Two Thousand and Twenty: New Rules for the New Age


280 pages
Contains Illustrations, Index
ISBN 1-55263-057-9
DDC 332.024





Reviewed by Monika Rohlmann

Monika Rohlmann is an environmental consultant in Victoria, B.C.


A journalist by trade, Garth Turner is a popular public speaker and
writer on a number of investment topics.

The story line is clear: Archie, Turner’s father, was part of the
last generation to reap the benefits of employee loyalty, home
ownership, and regular savings accounts. Most of us continue to live by
those ideals, but in fact they no longer apply.

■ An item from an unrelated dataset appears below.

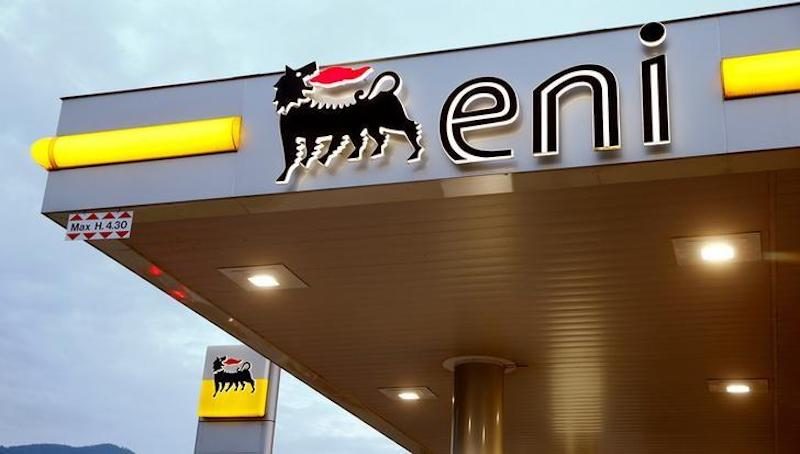 Eni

Employee loyalty is
redundant in a global economy where corporate consolidation and the
bottom line leave no room to reward faithful plebes. Instead, Turner
recommends, we should become “intra-preneurs”—opportunity
inventors within the confines of current jobs.

According to Turner, Canada’s aging population and declining
birthrate means the family homes of suburbia will be abandoned for
easier living in condos and bungalows close to city conveniences. The
traditional savings account is going the way of the record player; there
are new ways to make music and piggy banks are being replaced by stocks,
strips, and bonds. If Canadians fail to grasp the new rules of the 21st
century, Turner warns, there will be a big crash in the stock market and
another nasty depression.

Lucidly written, well-argued, and full of practical advice, Turner’s
book is a welcome sequel to that popular 1990s work, David Chilton’s
The Wealthy Barber. Recommended for amateur and expert investors alike.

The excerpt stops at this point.